Do you own a company that is growing quickly? If your company were a car,
do you feel like you are pressing on the accelerator while at the same time stepping on the brake? Or worse, that your growth is stuck in neutral?
Slow cash flow is the biggest challenge to company growth. And business owners, like you, know that the biggest cash flow problem is having to wait up to 90 days to get paid by your commercial and government customers.
Going to the bank for a business loan won’t help much, unless your company has a great past history. This is because banks give business loans based on past performance. What you need is a financing product that can finance your company based on its future potential. And who better to evaluate your future potential than yourself? This is where receivables factoring can help you.
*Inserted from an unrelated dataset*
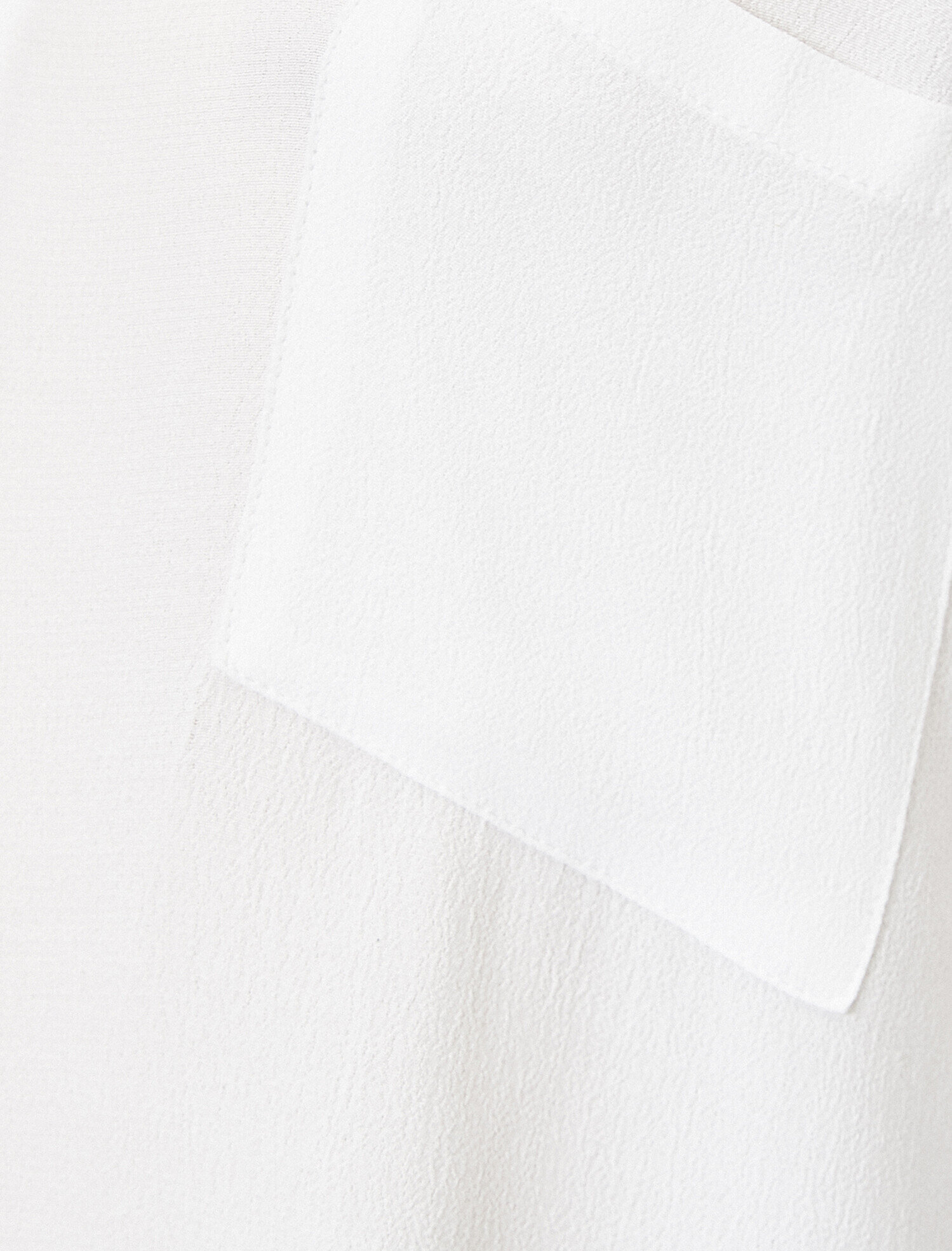   Sırt Dekolteli Bluz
This is because receivables factoring is self-financing.
Receivables factoring, also known as invoice factoring, works by eliminating the 30 to 60 days it takes for commercial clients to pay you. It enables you to get a substantial portion of the money owed to you within a day or two of invoicing, providing you with funds to pay rent, meet payroll and more importantly – expand your business.
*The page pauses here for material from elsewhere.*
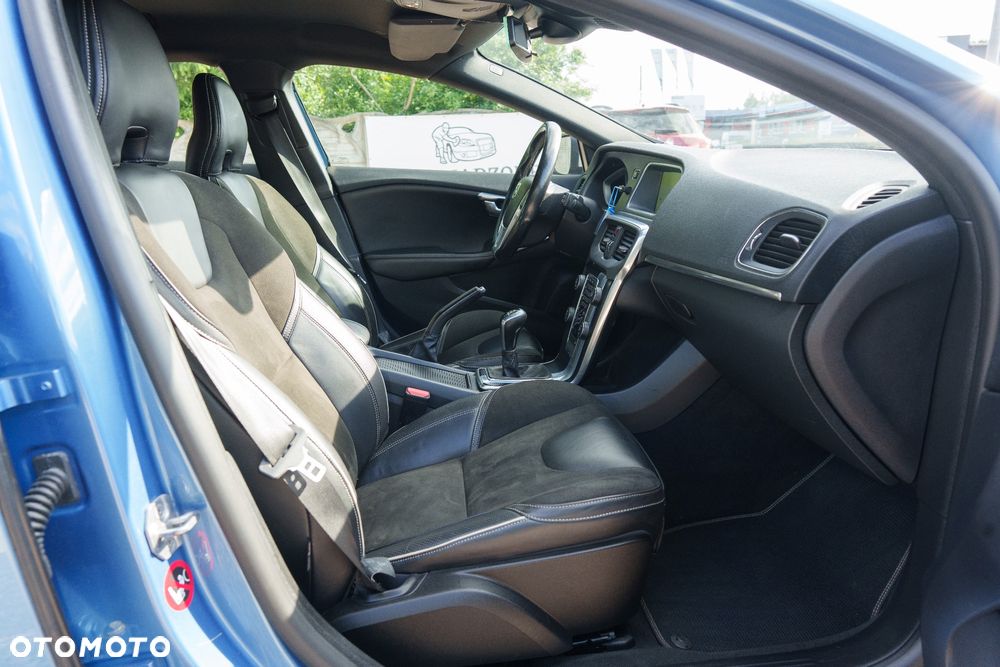 Volvo V40 D2 RDesign - 23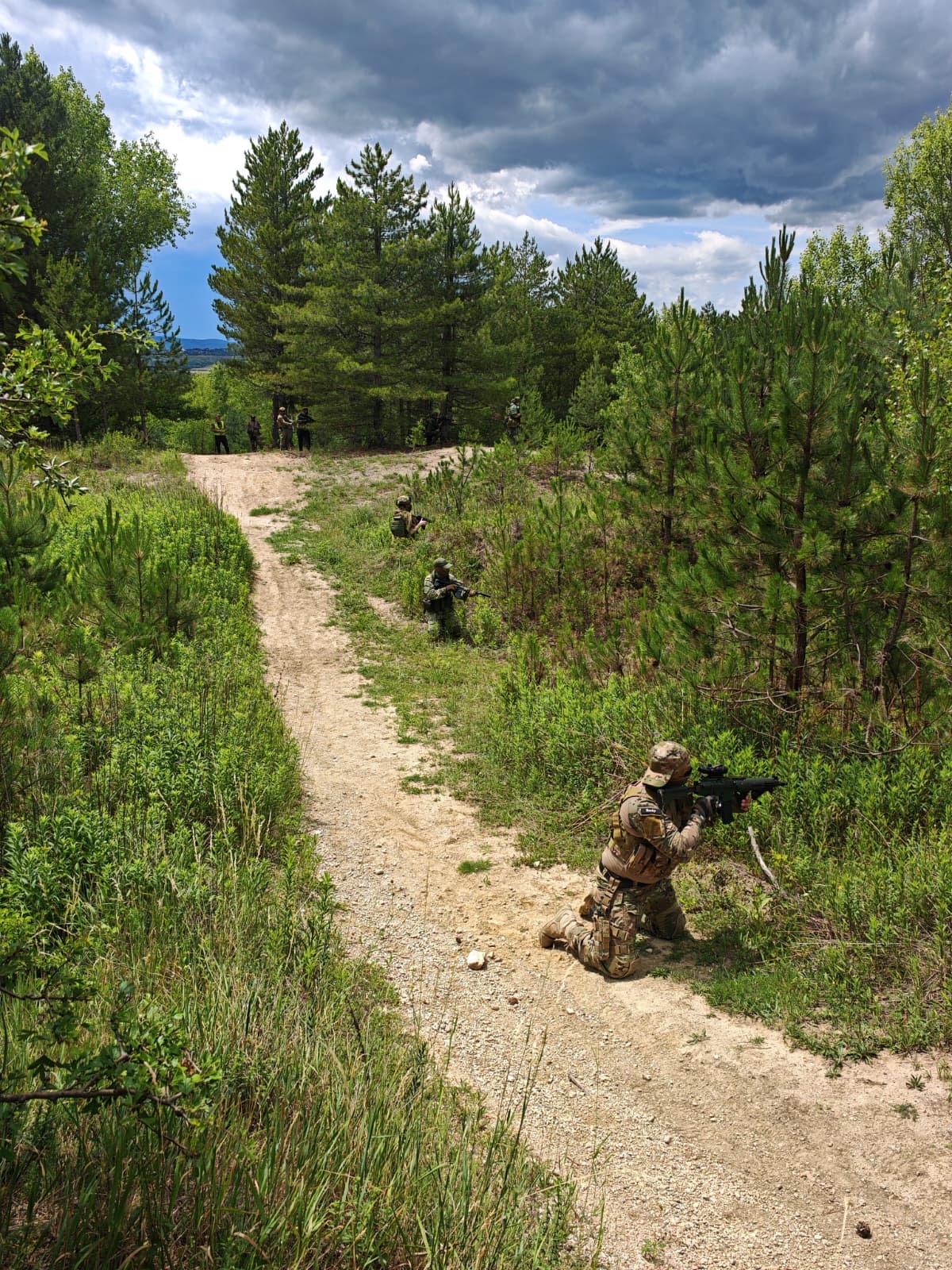 Kültéri airsoft játék a West Gate terepén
Imagine if you could get paid consistently, just two days after invoicing. How fast could your business grow? And without debt. This is how receivables factoring works:
1. You invoice your customers as you always do
2. You send a copy of your invoice to the receivables factoring company for financing
3. The factoring company advances you up to 80% of your invoice (20% is not advanced to cover potential disputes, etc.)
4. You get your money right away. The factoring company waits to get paid by your customer
5. Once your customer pays, the factoring company rebates you the 20% reserve, less a small fee
Factoring can be a very cost effective way of financing your business. The factoring fee is based on three factors:
1. The credit quality of your customer,
2. Your monthly volume and,
3. How long it takes customers to pay your invoices.
As a rule of thumb, monthly costs can go from 1.5% to 6% per month depending on these criteria. If you own a company that has a lot of capital tied in slow paying receivables and if you need financing right away, you should consider factoring your invoices.